◆ Directions
From the entries below, return only the lines starting at the one that contains "Kingston Pendrive 64GB" and ending at the one that contains "High Quality 3D", exactly as they stand.
(Exercise material)
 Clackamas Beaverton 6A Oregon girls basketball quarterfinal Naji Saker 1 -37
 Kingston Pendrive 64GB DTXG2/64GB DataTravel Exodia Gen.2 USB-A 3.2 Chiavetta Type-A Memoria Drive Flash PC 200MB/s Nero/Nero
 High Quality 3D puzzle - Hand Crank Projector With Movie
(End Exercise material)
(Exercise material)
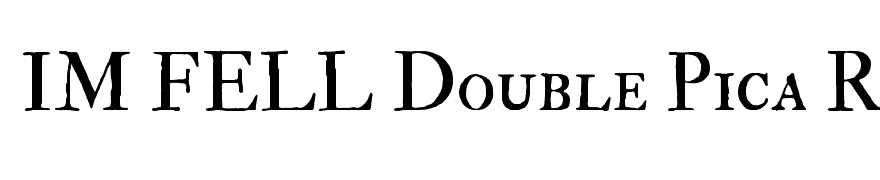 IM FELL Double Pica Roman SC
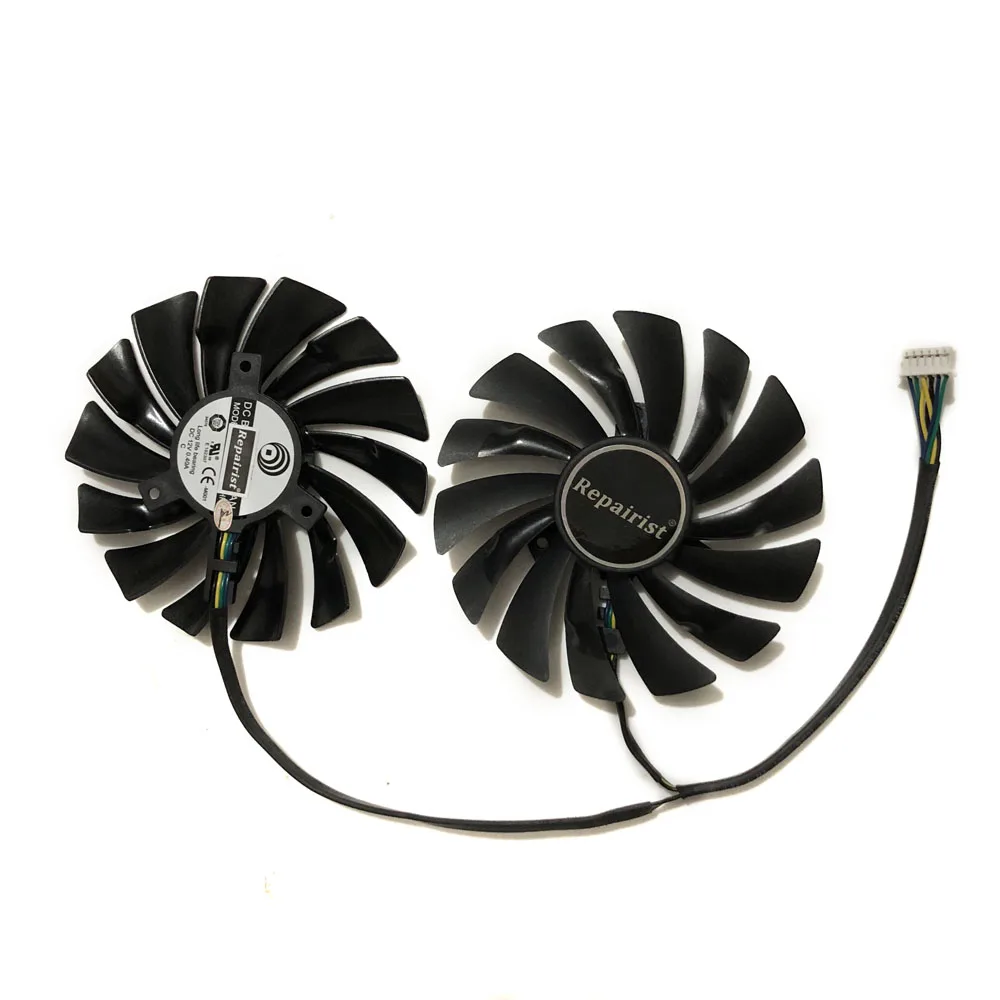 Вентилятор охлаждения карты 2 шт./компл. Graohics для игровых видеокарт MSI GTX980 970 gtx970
(End Exercise material)
◆ Exercise response
 Kingston Pendrive 64GB DTXG2/64GB DataTravel Exodia Gen.2 USB-A 3.2 Chiavetta Type-A Memoria Drive Flash PC 200MB/s Nero/Nero
 High Quality 3D puzzle - Hand Crank Projector With Movie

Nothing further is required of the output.